Jardim Botânico ganha nova coleção de plantas

Espécies foram doadas pela curadoria do Absolut Art Bar, instalado este mês de agosto em um casarão do Bairro do Recife
Claudia Parente
Publicado em 25/08/2015 às 7:41
Espécies foram doadas pela curadoria do Absolut Art Bar, instalado este mês de agosto em um casarão do Bairro do Recife Foto: Ashlley Melo/ JC Imagem


Mais de 200 plantas de várias espécies foram doadas ao Jardim Botânico do Recife ontem. O acervo integrou a decoração do Absolut Art Bar, instalado do dia 1º deste mês até o último domingo (23), no antigo prédio do Banco Santander, no Bairro do Recife. A iniciativa de doá-las à reserva foi do curador da instalação, o artista plástico paulista Stephan Doitschnoff. No pacote, estavam incluídas algumas espécies da família araceae que a reserva ainda não possuía. 

“Queria que as plantas fossem replantadas num local público, onde as pessoas pudessem apreciá-las porque elas são lindas”, explicou Stephan Doitschnoff. Ele revelou que alguns exemplares, como as bromélias e outras maiores, são das mesmas matrizes usadas pelo paisagista Roberto Burle-Marx (1909-1994) para ornamentar seus famosos jardins. Os exemplares vieram de um viveiro em Cotia, interior de São Paulo.

Antes da doação, o artista plástico visitou o Jardim Botânico e aprovou o espaço. “Foi um dos mais bonitos que eu já vi no País”, garante, acrescentando que uma das propostas do Absolut Art Bar é mostrar que é possível promover um evento com impacto ambiental mínimo. “Tudo que a gente usou foi adquirido em casas de usados, servimos água de graça e alimentos à base de vegetais em extinção para estimular a produção.”

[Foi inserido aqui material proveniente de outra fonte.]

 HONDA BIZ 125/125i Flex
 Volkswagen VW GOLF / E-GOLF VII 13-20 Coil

Para o Jardim Botânico, o presente vai representar uma coleção a mais – já tem três: de cactus, orquídeas e bromélias. “Recebemos algumas espécies da importante família das aráceas, que não temos aqui”, disse o botânico do JBR Jefferson Maciel, citando exemplares de imbé, comigo-ninguém-pode, costela-de-Adão e copo-de-leite.

A reserva também recebeu três exemplares de xaxim, espécie nativa da floresta atlântica e na lista das ameaçadas. “O caule foi tão usado para fazer vasos que a espécie quase foi extinta”, informou a gestora do Jardim Botânico, Zenaide Magalhães. 

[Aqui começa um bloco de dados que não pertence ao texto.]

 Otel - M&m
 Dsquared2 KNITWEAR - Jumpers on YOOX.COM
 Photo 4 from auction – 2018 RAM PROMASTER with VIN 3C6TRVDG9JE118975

Como as plantas foram submetidas a muito estresse pela mudança constante de ambiente, iluminação e outros fatores de impacto, terão que passar por um processo de recuperação e adaptação antes de receber uma nova destinação. “As que não tiverem valor científico serão utilizadas para paisagismo. Precisamos muito disso aqui”, adianta Zenaide Magalhães. Todas foram instaladas ao lado do viveiro, onde ficarão até passar por uma triagem.

O Jardim Botânico do Recife fica localizado no km 7,5 da BR-232, bairro do Curado, Zona Oeste do Recife. Ocupa uma área de 10,7 hectares com várias espécies de flora da mata atlântica, orquidário, jardins sensorial, tropical e de ervas medicinais, além de meliponário e trilhas. O espaço também faz pesquisas e lançou uma revista científica recentemente. Fica aberto ao público de terça a domingo, das 9h às 15h30. A entrada é gratuita.